The laughable Daily Mail article goes on to assert that by importing and distributing his “Big Buddha Cheese” cannabis seeds, that Milo Yung is personally responsible for an “explosion of up to 500,000 cannabis farms” across Britain.
Their hackish investigation of Yung led to the party island of Ibiza, in Spain, where Yung openly flaunts a lifestyle full of Moroccan hashish and presumed opulence – and if there is one thing that the Daily Mail really hates, it is other people having a good time.
A 10-pack of Big Buddha’s beans will set you back £55.00 – or around $85.61. The Daily Mail goes on to warn that those ten seeds translate into £40,000 – or $62,259 – of illegal drugs being grown per year.
Bunk seeds, large overhead costs, and the potential for a completely failed crop aside, let’s assume a cannabis connoisseur in the UK does get through a successful harvest…what’s the big deal?
Again, the article claims that “Hundreds of thousands of suburban houses across the country have been converted into hidden marijuana factories”, without bothering to provide any sort of source to back it up.

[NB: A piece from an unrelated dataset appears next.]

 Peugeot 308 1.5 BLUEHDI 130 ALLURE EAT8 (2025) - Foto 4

Instead, they turn to a lady named Mary Brett, supposedly a chairman of something called Cannabis Skunk Sense. Mrs. Brett has no love for the cannabis plant, and sees entrepreneurs like “Big Buddha” as a threat to her version of an ideal society.

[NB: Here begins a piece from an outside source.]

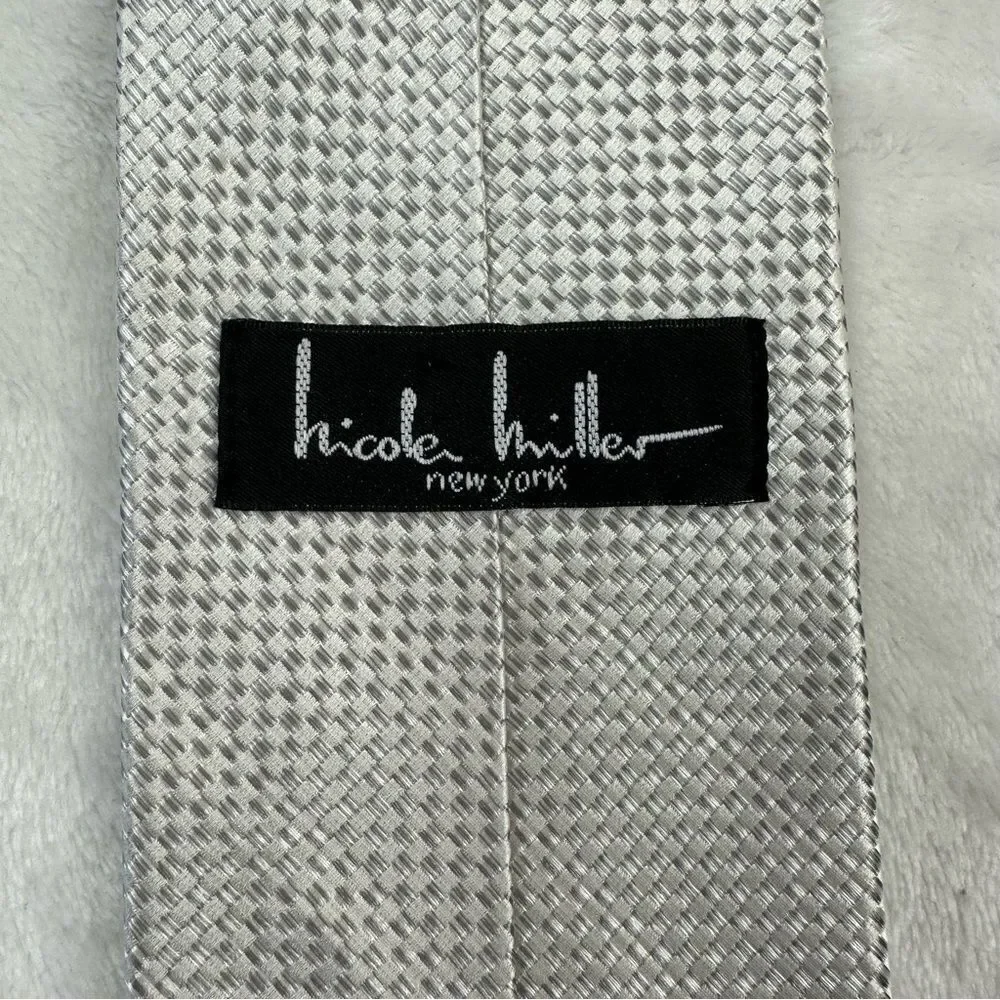 Nicole Miller silver woven silk tie‎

“It’s just contemptible,” says Brett, “I’ve got absolutely no time for these people. They don’t seem to care that kids’ and families’ lives are completely ruined.”

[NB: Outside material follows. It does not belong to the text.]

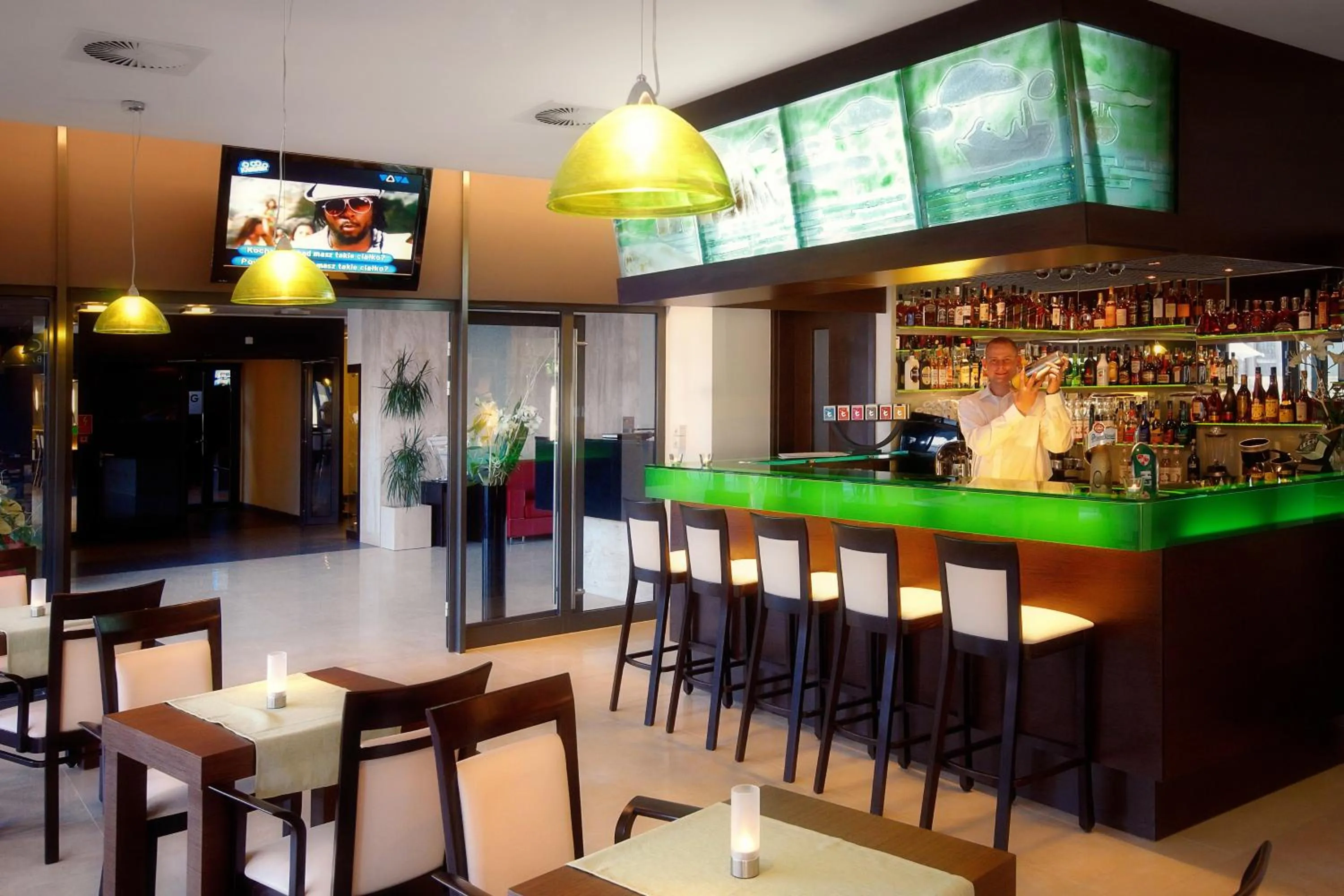 Lounge or bar in Hotton Hotel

In a stereotypically British rant, she continues, “At the expense of all these kids, ruining their lives, they’re living the life of Riley. This loophole for cannabis seeds needs to be closed now before we go any further, before any more kids’ lives are subjected to the awful damage. Cannabis acts as a gateway to harder drugs. We’ve got members in our charity who’ve had children start on cannabis, go on to a harder drug and they’ve died. We have several bereaved parents.”
Gateway drug?
Bereaved parents?
Life of Riley??
Don’t look for The Daily Mail to make sense of her ramblings. They are too busy giving precious copy space to another pot-hating concern-raged British bird by the name of Susan Bedack.
Bedack had her 29-year old son committed to a looney bin based on a case of schizophrenia that she says was induced by his years of smoking weed.
So what advice does a woman who tossed her own son into a straightjacket over a joint have for Queen Elizabeth when it comes to these seed-slangers?
“They should be locked up, absolutely,” she says, “But that’s not going to happen because we’re too soft in this country.”
“Too soft” she says while her adult son is bouncing off of rubber walls because of a plant.
It is hard to blame her when the British media plagues the airwaves with half-baked stats and overblown warnings about the dangers of “skunk” weed.
The Daily Mail article refers to high grade weed as “hallucinogenic”, blaming it for an “epidemic of mental health problems among users”.
Meanwhile, their own stats, much like those here in the US, show that as teen marijuana use slowly rises, it is heavily offset by staggering drops in the use of actual hard drugs like heroin, crack, and tobacco.
When you think about it, perhaps Milo Yung should be a candidate for the Victoria Cross if he “singlehandedly” helps to keep countless young Brits away from rocks and smack.
Until then, he will continue to sell his skunky Cheese seeds as “souvenir bird food”, laughing all the way back to the bank in Ibiza.